I believe that if the website which you are visiting has good content and you gain by reading an article, there is no harm in putting up with some ads as that will be enough incentive for the author of the article to write more such articles.

Take OSNews for instance, it plays an important role in facilitating people with similar tastes to come together to discuss about current news without being distracted with flames and spam. And when a site brings so much value, why not see a couple of ads on the site and help the site (and who ever is running it) to make some money?
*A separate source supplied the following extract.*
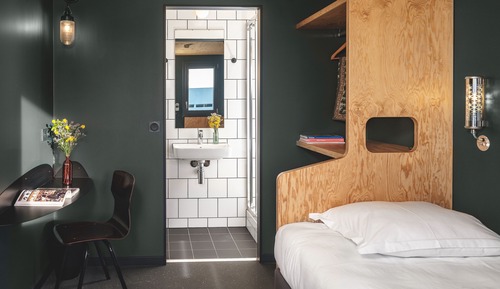 Habitación individual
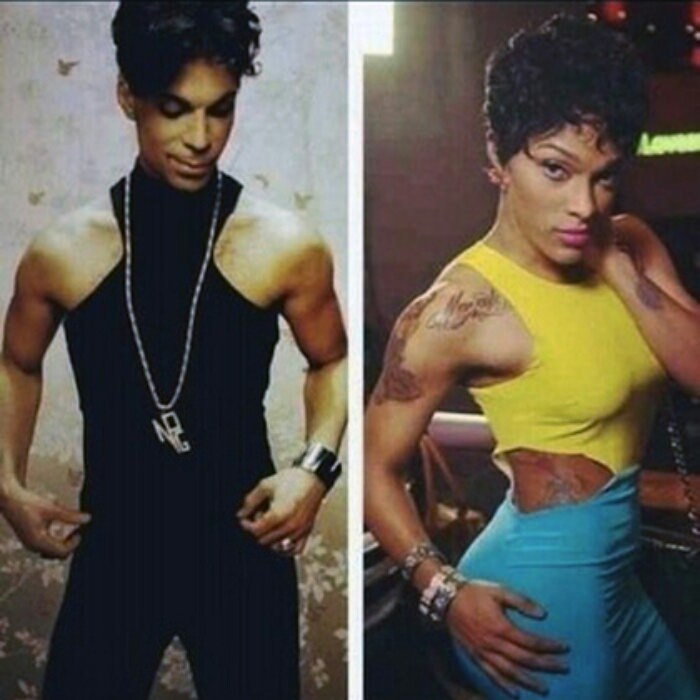 Prince & Joseline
I think the article in question is honestly written and Damn Small Linux is an excellent project.

Edited 2006-09-19 05:17

Reply Score: 1

RE: Why do people hate ads ?
by hobgoblin on Tue 19th Sep 2006 10:35 UTC in reply to "Why do people hate ads ?"
hobgoblin Member since:

i dont block all adds, just those shockwave ones that eat up all my resources and makes the act of changing tabs a pain (kinda old computer).

i do not have a problem with animated gifs, simple google ad links and similar.

Reply Score: 1

RE: Why do people hate ads ?
by Sparrowhawk on Tue 19th Sep 2006 10:45 UTC in reply to "Why do people hate ads ?"
Sparrowhawk Member since:

"I sometimes feel if there is not some hypocracy when people say they hate ads on websites. I mean do you close your eyes while drive your car when you see a billboard besides a highway ? No, you enjoy viewing the ad on the billboard and welcome it as a part of the scenery."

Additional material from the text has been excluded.